A Memorial for my Refrigerator


When she was born, I was a boy.  I walked three blocks to my neighborhood school every day to attend the sixth grade.  My teacher's name was Ms. Skaros.  The Rubik's Cube had just been invented, and the hot new teen fashion style was "preppy."  My voice hadn't broken yet.  My "girlfriend" was Anne Schultz.
"The Wall" was still hugely popular, although "That Wall" had not yet been torn down.   The military action of the day in Afghanistan involved the U.S.S.R., not the United States.  Rambo had just tasted his First Blood.  The Officer was just becoming a Gentleman.

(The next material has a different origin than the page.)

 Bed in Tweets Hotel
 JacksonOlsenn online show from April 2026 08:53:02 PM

James Rockford could have put his $0.79/lb steak in this refrigerator.  The Muppet Show could have had one of these refrigerators in their green room.  The Talking Heads hadn't started making Stop Making Sense yet.
A handful of computers existed on the "Internet," although the web was still a decade to come.  The hot new computers were from IBM and the software was from Wordstar.  Microsoft Word hadn't been invented.  Pac Man was the video game craze.  Apple's new Lisa computers were a flop.
The big Packer's "B" was Bart, not Brett.  The Milwaukee Brewers took their only trip to the World Series.
Pioneer 11 had encountered Saturn three years before, paving the way for Voyager 2's first real close-up and color pictures of this ringed planet and its moons.  The controversy over how fast our universe was flying apart was starting to rage.
This is the world my refrigerator was born to in the year 1982.  Someone else purchased this refrigerator then to keep their vittles cold, and I inherited it.  Now it is time to move on to a more efficient and useful one.  May she rest in pieces at the landfill.